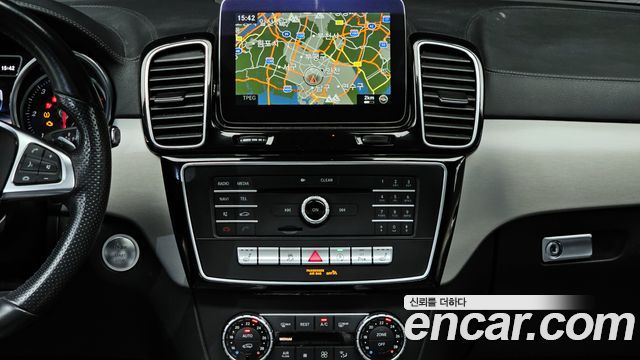 Mercedes-Benz GLE-Class GLE350 d 4MATIC Coupe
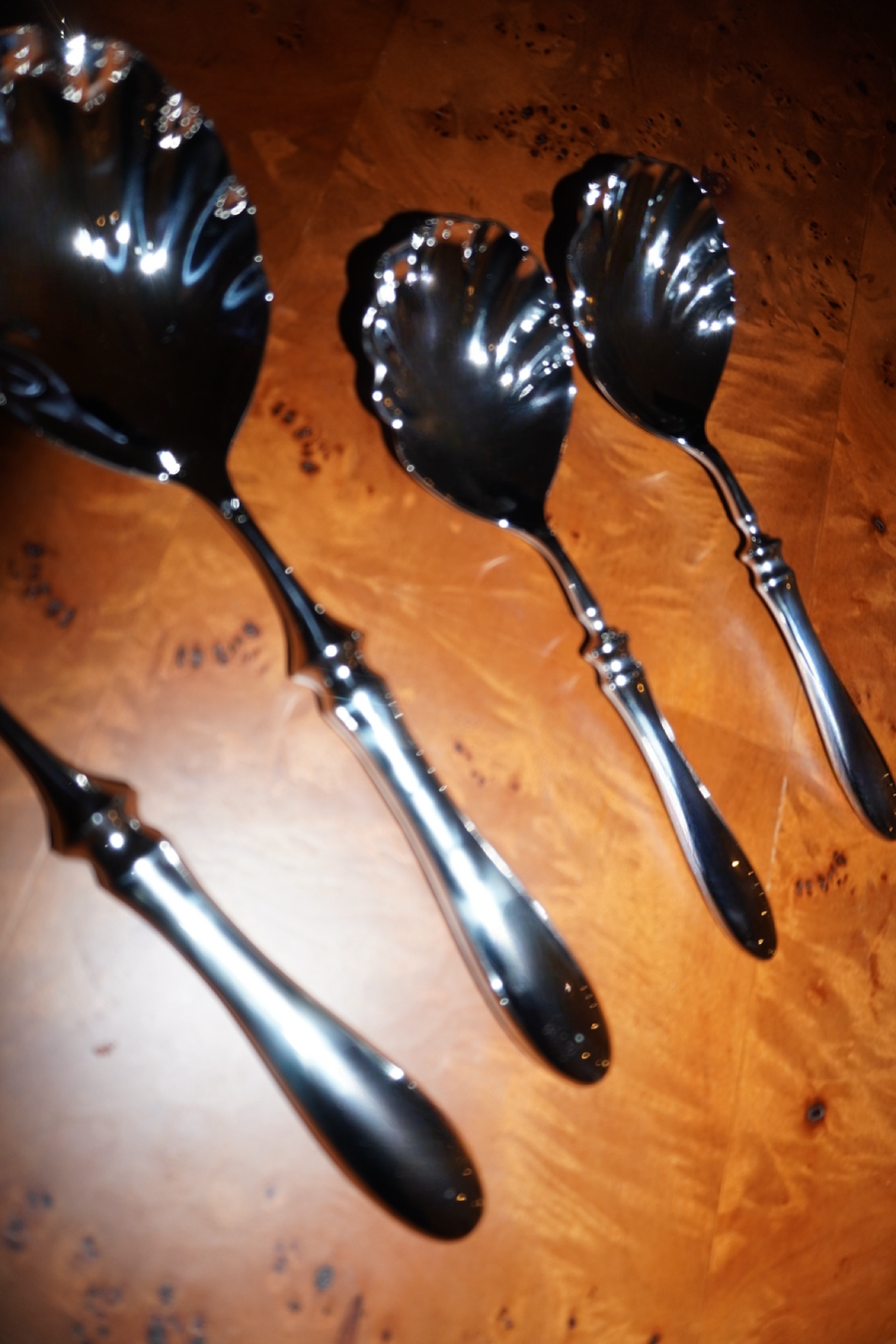 Marlo Serving Spoons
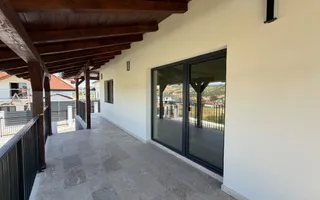 Casa individuala de 120mp, teren 500mp, finisata modern, zona Chinteni - Poză 17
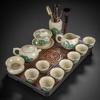 Leinuo Ru Kiln Landscape Tea Ceremony Set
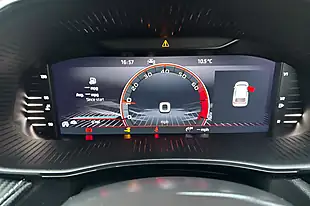 Used 2022 Skoda Fabia Monte Carlo Black - Interior and Exterior details 14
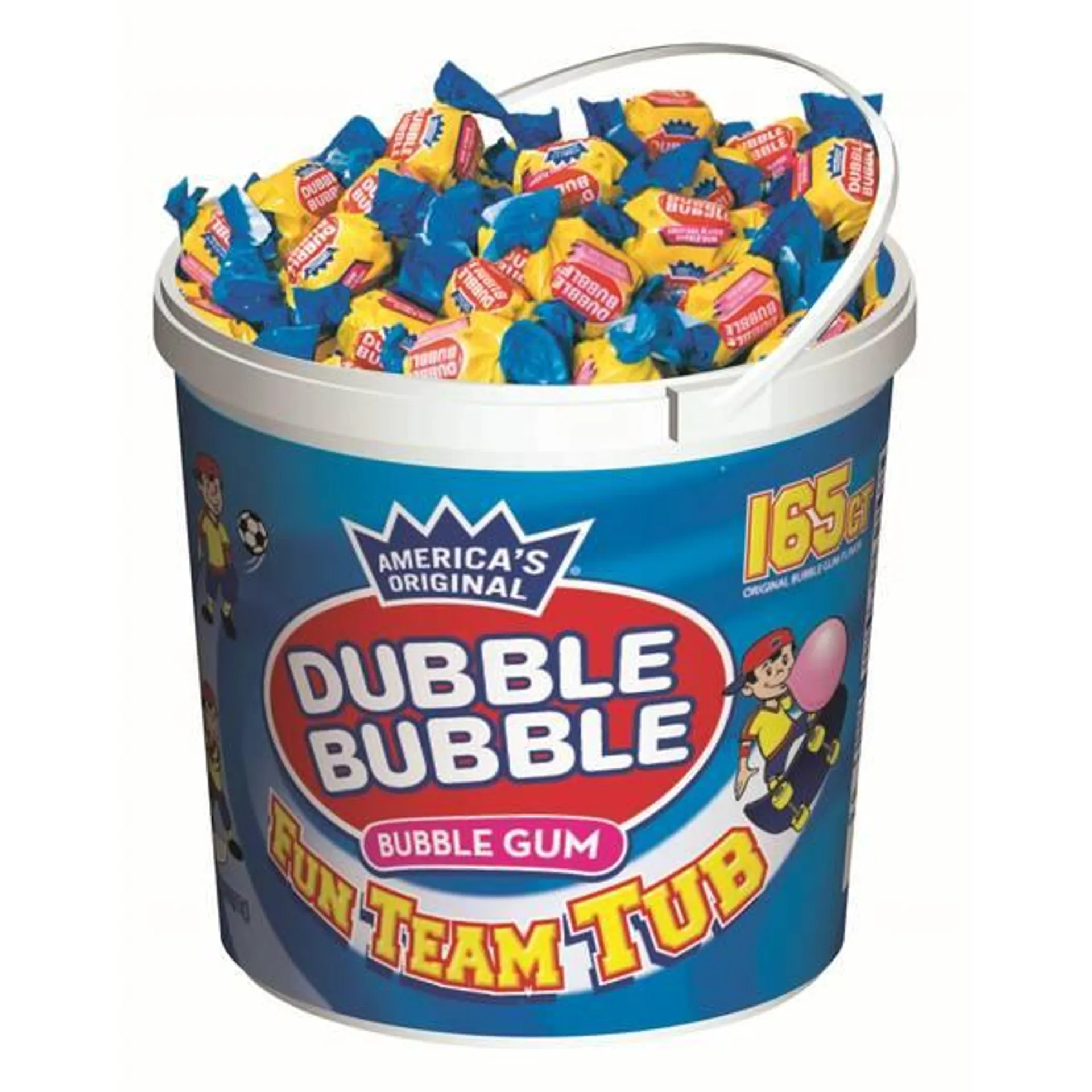 2lb Original Team Tub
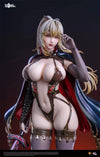 Artoria Pendragon Saber (Ver. A + B) 1/4 Scale Statue Set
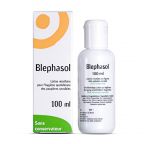 Blephasol Ooglidreiniging Lotion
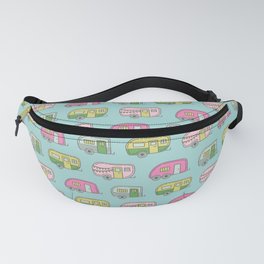 Happy camper Fanny Pack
***
Retype, word for word, only the lines from the line with "2lb Original Team Tub" to the final line of the listing above; the pictures do not belong in the copy.

## EXERCISE RESPONSE
 2lb Original Team Tub
 Artoria Pendragon Saber (Ver. A + B) 1/4 Scale Statue Set
 Blephasol Ooglidreiniging Lotion
 Happy camper Fanny Pack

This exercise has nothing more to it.